En horas amargas de penurias y sinsabores, cuando el más cortante desaliento nos hiere, acudimos a mirar a los cielos, nunca tan invocados, donde habitan nuestros personales dioses y taumaturgos, esperando un milagro que nunca llega, tal vez porque más allá del continuo milagro de la existencia, pocos se cruzan en nuestro camino.
En mi buzón, al igual que exhibiéndose en el exterior de los coches alineados a ambos lados de la calle, bajo el limpia parabrisas, veo pequeñas y rectangulares hojillas impresas, no más grandes que el hueco de mi mano, que no es grande. Se sirven de una letra diminuta, bien tintada, apretada para contar mucho en un espacio que es mínimo. Todo, para referirnos las excepcionales virtudes mágicas que adornan a un "gran maestro espiritualista africano", que cura males, de amores, de los más enconados, familiares, empresariales; recupera dinero perdido, lo hace ganar en un periquete y resuelve, como el que no quiere la cosa, un sin fin de desdichas en una lista casi interminable.
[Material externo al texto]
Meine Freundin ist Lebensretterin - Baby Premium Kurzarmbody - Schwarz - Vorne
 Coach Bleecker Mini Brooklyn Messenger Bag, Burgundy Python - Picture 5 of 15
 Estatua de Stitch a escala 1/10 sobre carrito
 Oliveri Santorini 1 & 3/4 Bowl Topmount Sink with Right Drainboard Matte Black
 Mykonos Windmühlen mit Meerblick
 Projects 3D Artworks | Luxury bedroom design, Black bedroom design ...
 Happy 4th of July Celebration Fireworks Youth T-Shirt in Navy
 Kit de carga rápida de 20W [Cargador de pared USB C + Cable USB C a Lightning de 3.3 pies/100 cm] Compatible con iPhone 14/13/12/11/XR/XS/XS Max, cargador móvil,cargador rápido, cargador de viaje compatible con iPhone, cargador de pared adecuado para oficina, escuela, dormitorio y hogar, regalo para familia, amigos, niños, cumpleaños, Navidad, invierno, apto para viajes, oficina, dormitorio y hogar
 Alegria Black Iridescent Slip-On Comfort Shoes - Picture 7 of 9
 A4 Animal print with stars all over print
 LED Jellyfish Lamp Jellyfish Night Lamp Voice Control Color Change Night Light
Su don fantástico es tan formidable, que los sueños de cualquiera, incluso los de alcanzar la fama como actriz, cantante, futbolista o as de otro deporte, lo convierte en realidad en un plazo no mayor de siete días. Una pizca de inglés chapurrea y atiende, con ubicuidad, en varias poblaciones de la cercana costa. De ésta, desde su ya algo ajado florecimiento, como vecinos que somos, no han dejado durante años de llegarnos ofrecimientos de establecimientos de todo tipo, de grandes superficies, cuando aquí no las había, de gigantescas exposiciones de muebles, de tiendas de lujo y demás. Ahora, con el mal momento económico, nos invaden, porque no es este sólo, con idéntico origen, santones, maestros o médiums, exóticos sustitutos, al fin y al cabo, de nuestras sabias y curanderos de toda la vida, que, bajo diferentes nombres e idiomas, el mundo poco cambia.